Yeah, this book was basically those two mixed up. We follow Kitty, an extra (a second child to a lower caste family) who has been rated a III during her testing and assigned a lovely new job as a sewer cleaner in Denver. Except she’s madly in love with Benjy, an untested guy who is sure to get a VI and be rich and powerful. So she decides to become a prostitute, only to be bought her first night by the Prime Minister and Masked (see: plot to Face Off) to replace his niece, Lila, who was supposedly murdered to keep her rebellion against the castes quiet.
Things happen, secrets are revealed, and we get a genre-typical ending. Not once does this book stand out from the crowd, except by having a heroine with a unique problem (dyslexia) and being strangely exciting when the sh*t hits the fan in ridiculous ways.
STEREOTYPICAL VILLAIN FOR THE WIN
Where this book failed the most for me, though, was the fact that the characters as a whole never came alive, except for our heroine Kitty. She came alive for the sole fact she was a revolving door of naïve thoughts followed by knowing more than any teenager would just by guessing. Our villains, Prime Minister Daxtor Hart and his mother Augusta, are the typical villains of Law and Order – the ones that happily admit their evil plots, their evil plans, and their evil machinations to our heroine, simply because they can, or to rub it in his face.

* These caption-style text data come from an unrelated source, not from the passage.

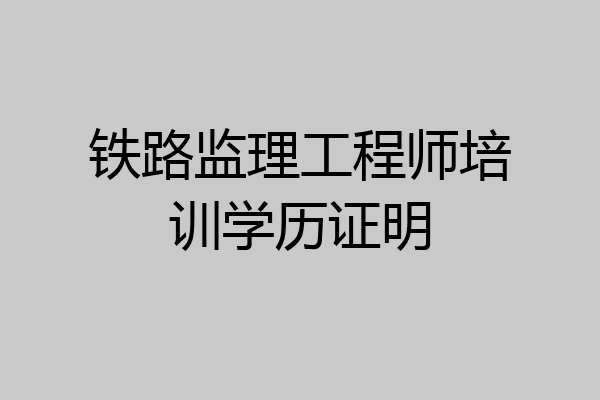 铁路监理工程师培训学历证明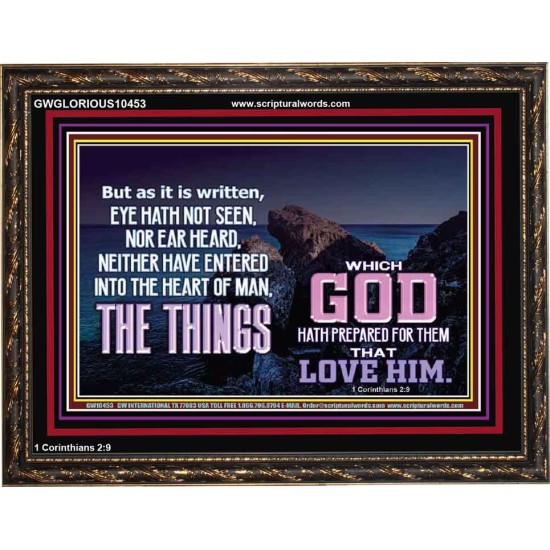 WHAT THE LORD GOD HAS PREPARE FOR THOSE WHO LOVE HIM  Scripture Wooden Frame Signs  GWGLORIOUS10453  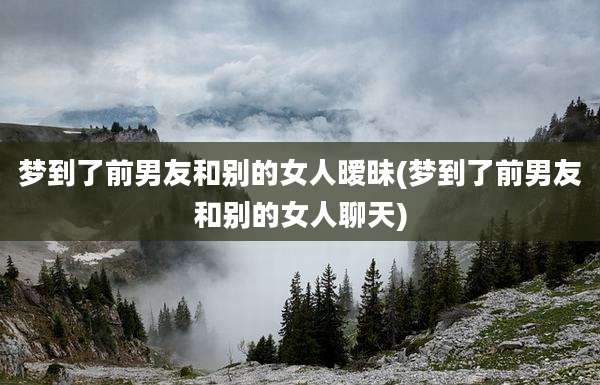 梦到了前男友和别的女人暧昧(梦到了前男友和别的女人聊天)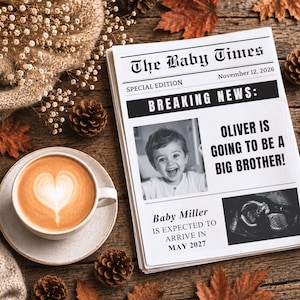 Puede incluir: Un periódico titulado The Baby Times con fecha del 12 de noviembre de 2026, con el titular Breaking News: Oliver is going to be a big brother! Incluye una foto en blanco y negro de un niño sonriente y una imagen de ecografía de un bebé.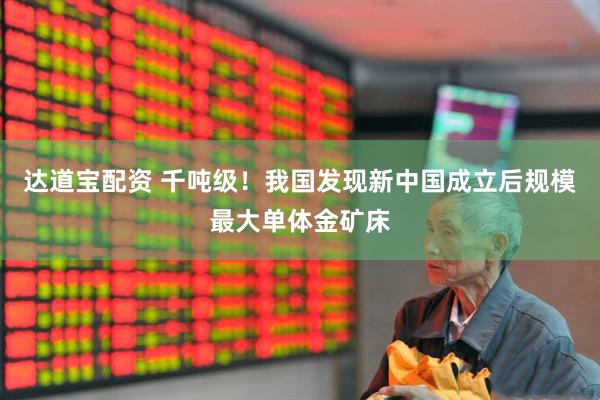 达道宝配资 千吨级！我国发现新中国成立后规模最大单体金矿床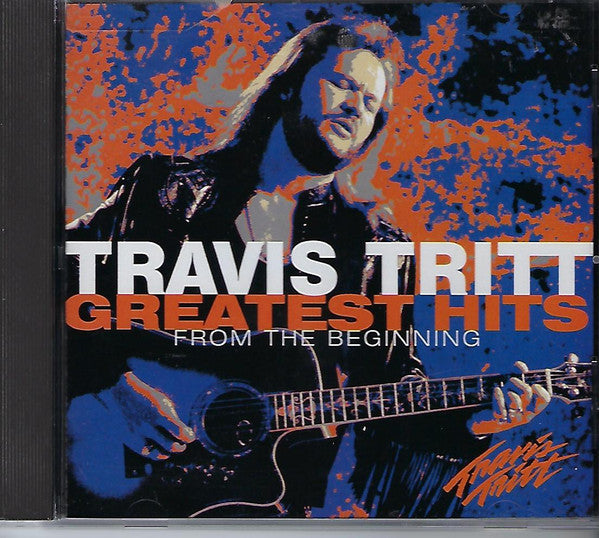 Travis Tritt : Greatest Hits - From The Beginning (CD, Comp)
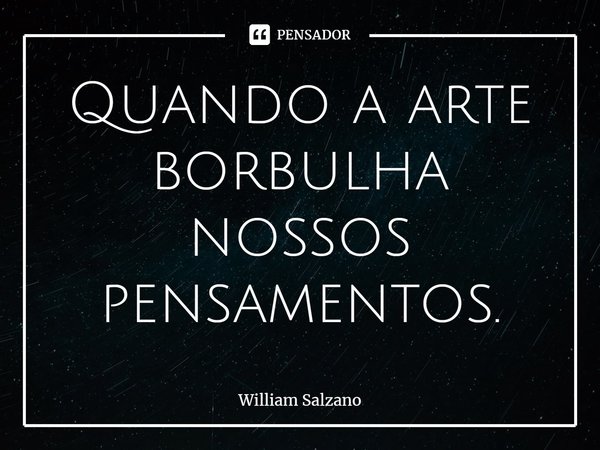 ⁠Quando a arte borbulha nossos pensamentos.... Frase de William Salzano.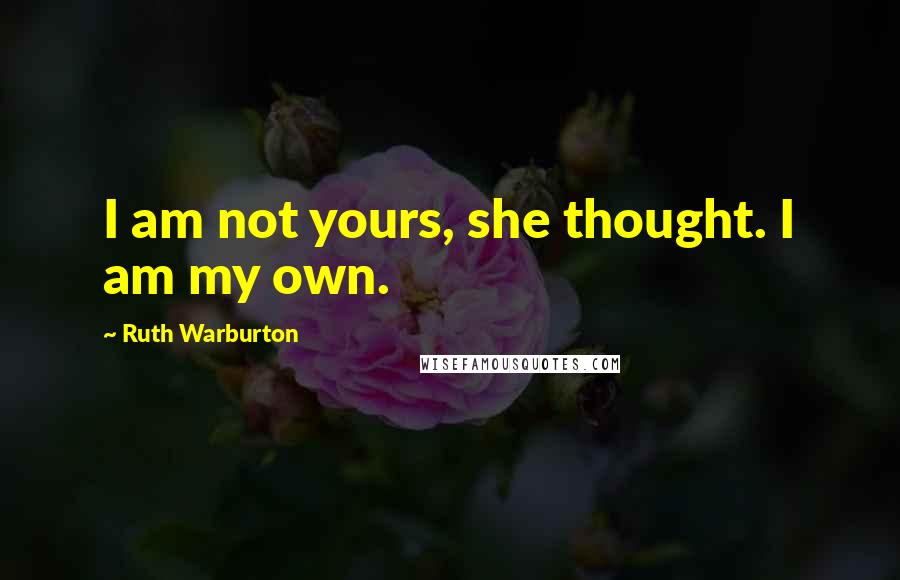 Ruth Warburton Quotes: I am not yours, she thought. I am my own.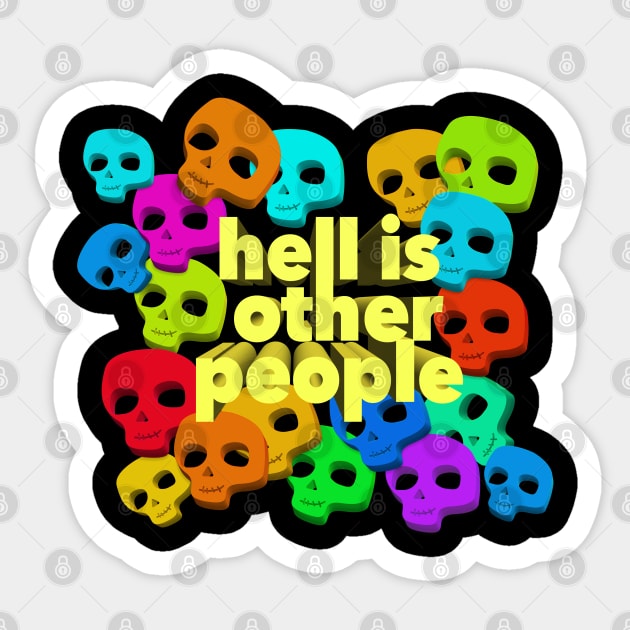 Jean Paul Sartre 'Hell Is Other People/Skulls' Design Sticker by DankFutura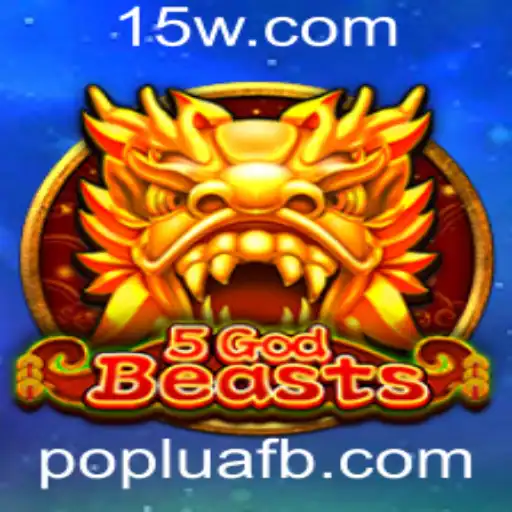 Descubra o Fascinante Mundo de 5GodBeasts: O Novo Fenômeno Poplua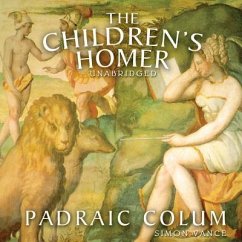 The Children's Homer: The Adventures of Odysseus and the Tale of Troy - Colum, Padraic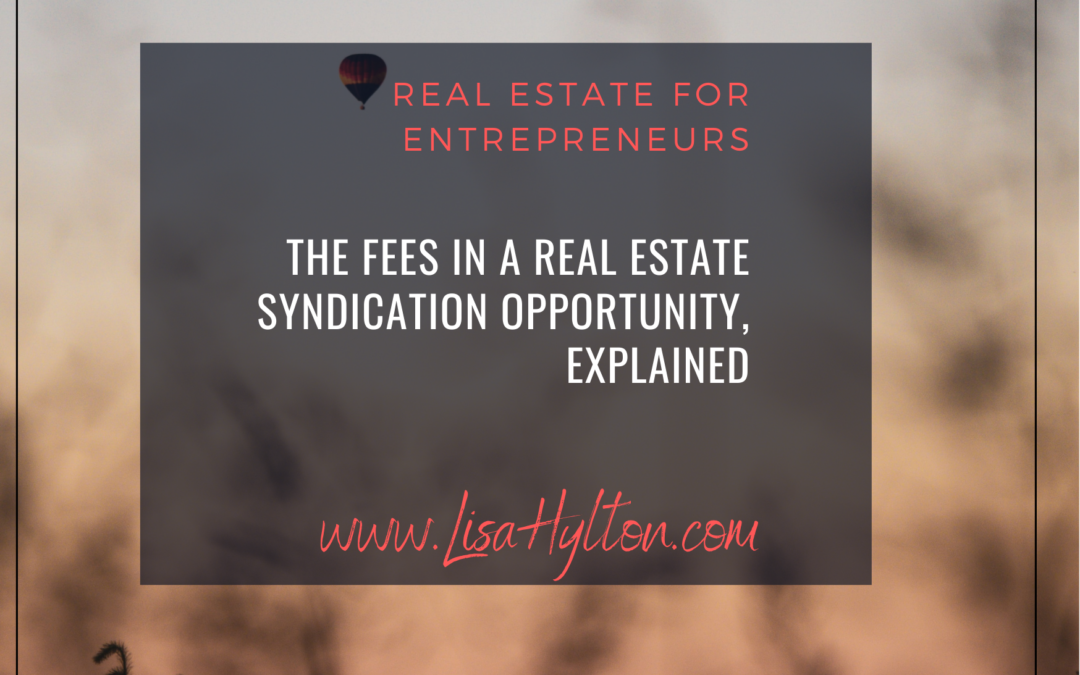 The Fees In A Real Estate Syndication Opportunity, Explained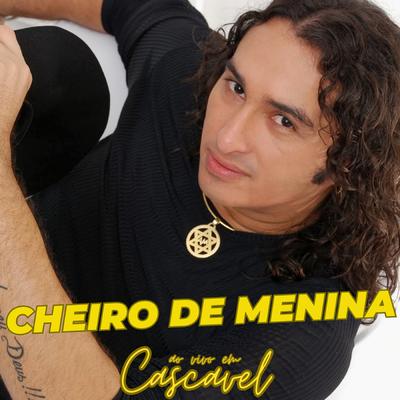 Cheiro de Menina ao Vivo em Cascavel's cover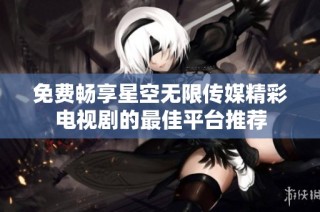 免费畅享星空无限传媒精彩电视剧的最佳平台推荐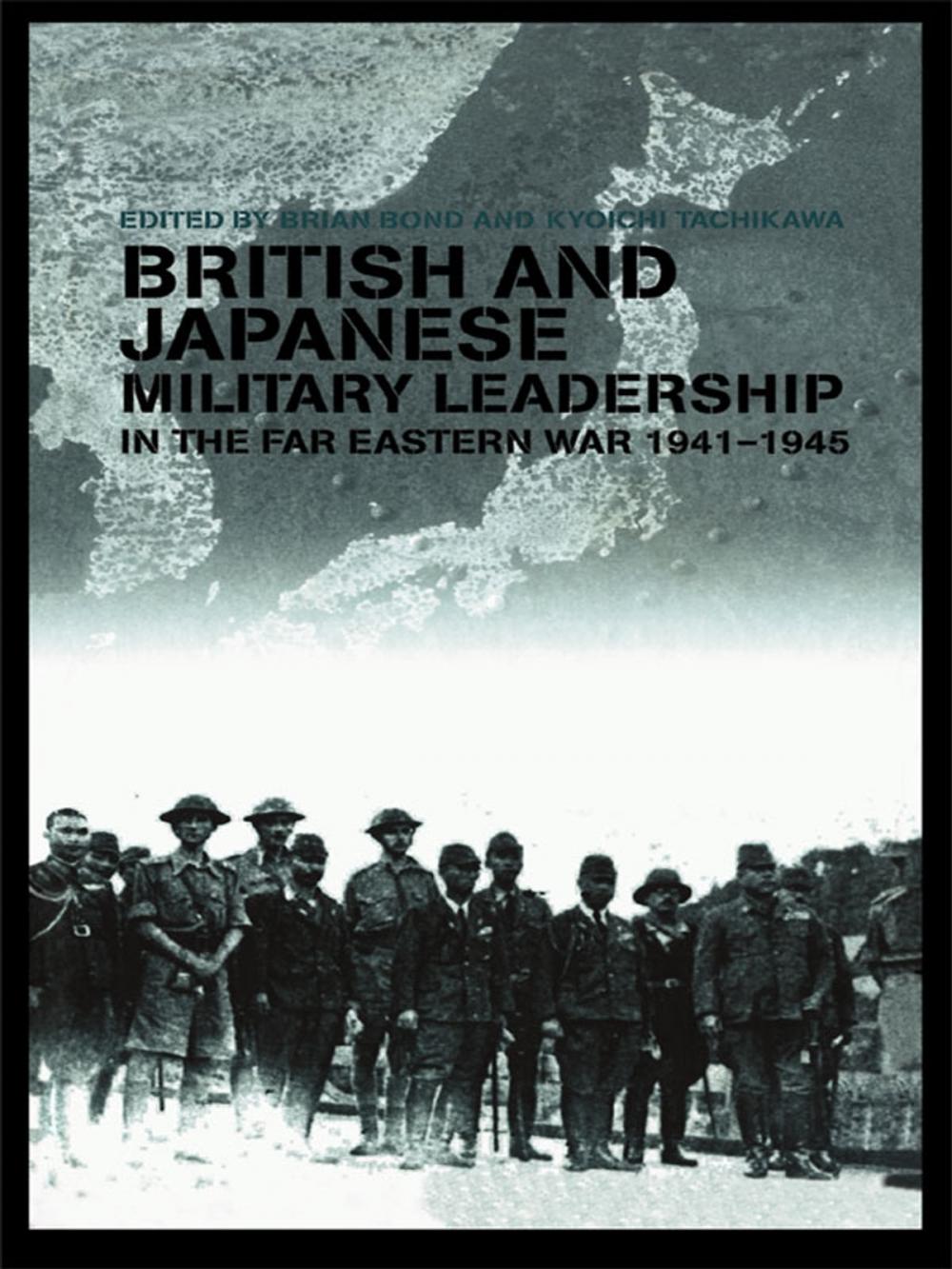 Big bigCover of British and Japanese Military Leadership in the Far Eastern War, 1941-45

I liked that Kitty was dyslexic, but I couldn’t truly believe that she could get away with so much of what she did with her inability to read. From memorizing speeches that would make Shakespearean actors proud in the space of a few hours to punching in codes to free people, it just felt off considering the emphasis placed on the fact she can’t read. Beyond her, characters such as Knox and Benjy were never fleshed out well, other than Knox being creepy and Benjy being weirdly accepting of his one true love turning into a basic clone of a famous girl.
But hey, you know what this book had going for it? When the reveals started flying, it got weirdly entertaining in the sense that you don’t know what crap is going to revealed next. Now that’s fun stuff.
VERDICT: Falling short on every level, PAWN is another entry into a crowded genre that doesn’t stand out in any way. Skip it.